How to Access ENA Programmatically

There are a number of REST APIs available for programmatic access of the European Nucleotide Archive. These enable programmatic access to the functionality of the ENA Advanced Search as well as direct download of ENA records and associated files.

Please see the relevant guides below for examples and tutorials on ENA programmatic data access and retrieval.

Perform Searches

All functionalities of the ENA Advanced Search can be performed programmatically using a combination of the ENA Portal API and the ENA Browser API. You can download the API docs for the Portal API here and the Browser API here.

You can further explore related records outside of the European Nucleotide Archive by programmatically accessing the ENA Cross Reference Service.

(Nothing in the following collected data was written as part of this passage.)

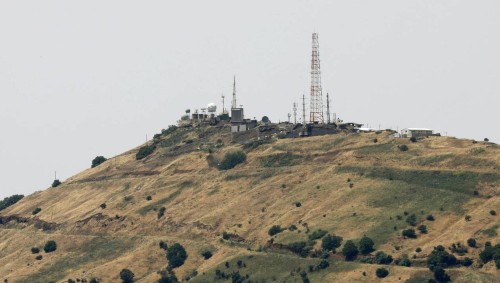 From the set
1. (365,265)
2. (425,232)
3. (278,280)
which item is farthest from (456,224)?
(278,280)

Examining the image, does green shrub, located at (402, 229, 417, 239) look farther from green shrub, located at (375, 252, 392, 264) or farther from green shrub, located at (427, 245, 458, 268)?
green shrub, located at (427, 245, 458, 268)

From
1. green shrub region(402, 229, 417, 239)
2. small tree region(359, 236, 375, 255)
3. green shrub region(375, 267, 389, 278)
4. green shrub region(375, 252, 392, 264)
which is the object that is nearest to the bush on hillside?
green shrub region(402, 229, 417, 239)

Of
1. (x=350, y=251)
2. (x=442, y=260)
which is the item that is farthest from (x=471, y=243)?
(x=350, y=251)

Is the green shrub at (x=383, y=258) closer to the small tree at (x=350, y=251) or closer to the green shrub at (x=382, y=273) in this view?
the small tree at (x=350, y=251)

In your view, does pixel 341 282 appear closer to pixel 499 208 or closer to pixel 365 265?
pixel 365 265

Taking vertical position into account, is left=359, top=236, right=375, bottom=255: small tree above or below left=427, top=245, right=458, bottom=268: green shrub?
above

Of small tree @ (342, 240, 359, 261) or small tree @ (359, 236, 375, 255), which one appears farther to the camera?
small tree @ (342, 240, 359, 261)

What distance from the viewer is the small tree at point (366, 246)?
7731 inches

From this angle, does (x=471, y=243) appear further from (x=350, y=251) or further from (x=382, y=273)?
(x=350, y=251)

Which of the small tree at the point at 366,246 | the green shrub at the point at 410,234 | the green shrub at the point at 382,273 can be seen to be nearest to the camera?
the green shrub at the point at 382,273

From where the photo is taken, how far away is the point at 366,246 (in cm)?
19638

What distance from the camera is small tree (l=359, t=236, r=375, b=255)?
7731 inches

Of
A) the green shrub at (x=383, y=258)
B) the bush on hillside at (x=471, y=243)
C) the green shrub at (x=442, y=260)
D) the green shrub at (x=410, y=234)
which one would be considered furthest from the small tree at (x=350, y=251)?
the bush on hillside at (x=471, y=243)

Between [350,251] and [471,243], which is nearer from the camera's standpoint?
[471,243]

For examples and tutorials on how to use these APIs, please see the guidelines below:

Retrieve and Download Records

All public records within ENA are available to retrieve from the ENA Browser API so records can be programmatically downloaded directly from the API. Associated files can be downloaded using FTP or Aspera protocol.

For a quick summary of metadata and file retrieval locations of records, you can use the ENA file reports.

For further simplicity, enaBrowserTools can be downloaded and run locally on the command line to fetch files associated with records by accession. It can also be used to bulk download records related to a specified Sample or Study.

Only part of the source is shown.